[PATCH V2 09/10] amdkfd: decommission kfd_get_process and remove DIQ support
Felix Kuehling
felix.kuehling at amd.com
Fri Aug 1 16:10:23 UTC 2025
On 2025-08-01 4:55, Zhu Lingshan wrote:
> This commit decommissions the function kfd_get_process()

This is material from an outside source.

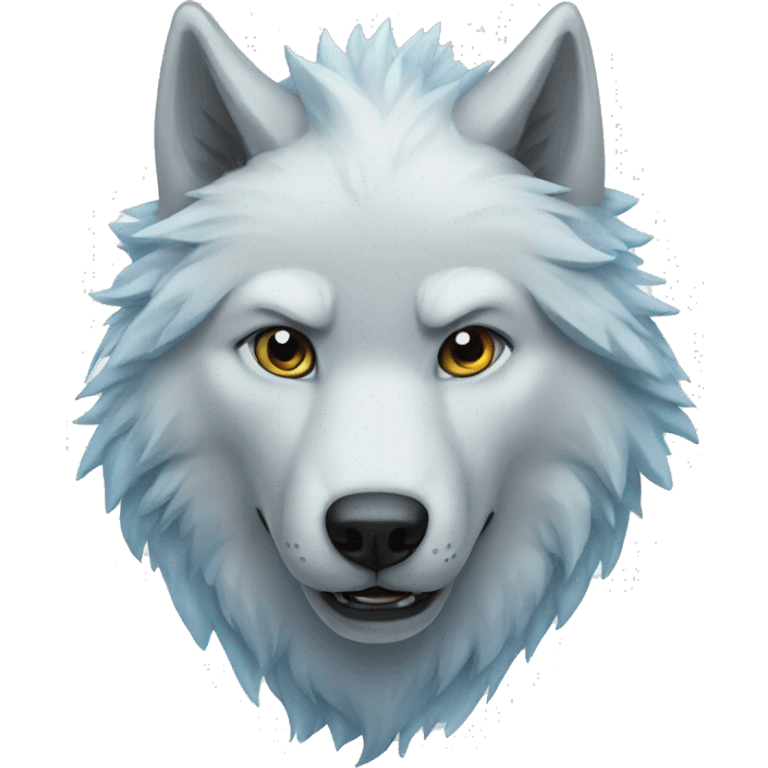 Ice wolf emoji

> because it can not locate a specific kfd process among
> mulitple contexts.
>
> This commit refactors the relevant code path accordingly:
> - kmmap: retrieve the kfd_process from filep->private_data
> - kq_initialize: queue->process for HIQ should be set to NULL
> because it does not belong to any kfd_process. DIQ has been
> decommissioned in this commit because it has been marked as
> DEPRECATED since 2022 in commit 5bdd3eb2
>
> This commit removes test_kq() function becuse it has been
> marked as unused since 2014 and no other functions calls it.

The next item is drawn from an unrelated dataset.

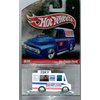 Hot Wheels Delivery Real Riders 18 of 34 White ISKY RACING Ice Cream Truck 1:64 Scale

Please split this into 3 commits:
1. Change how kfd_mmap looks up the process
2. Remove DIQ support
3. Remove test_kq
See one more comment inline.
>
> Signed-off-by: Zhu Lingshan <lingshan.zhu at amd.com>
> ---
> drivers/gpu/drm/amd/amdkfd/kfd_chardev.c | 11 ++--
> .../drm/amd/amdkfd/kfd_device_queue_manager.c | 6 +-
> drivers/gpu/drm/amd/amdkfd/kfd_kernel_queue.c | 60 ++-----------------
> .../drm/amd/amdkfd/kfd_packet_manager_v9.c | 4 --
> .../drm/amd/amdkfd/kfd_packet_manager_vi.c | 4 --
> drivers/gpu/drm/amd/amdkfd/kfd_priv.h | 1 -
> drivers/gpu/drm/amd/amdkfd/kfd_process.c | 18 ------
> .../amd/amdkfd/kfd_process_queue_manager.c | 35 +----------
> 8 files changed, 16 insertions(+), 123 deletions(-)
>
> diff --git a/drivers/gpu/drm/amd/amdkfd/kfd_chardev.c b/drivers/gpu/drm/amd/amdkfd/kfd_chardev.c
> index 5b22e1c47b2e..9e95acd23889 100644
> --- a/drivers/gpu/drm/amd/amdkfd/kfd_chardev.c
> +++ b/drivers/gpu/drm/amd/amdkfd/kfd_chardev.c
> @@ -3408,16 +3408,19 @@ static int kfd_mmio_mmap(struct kfd_node *dev, struct kfd_process *process,
> }
>
>
> -static int kfd_mmap(struct file *filp, struct vm_area_struct *vma)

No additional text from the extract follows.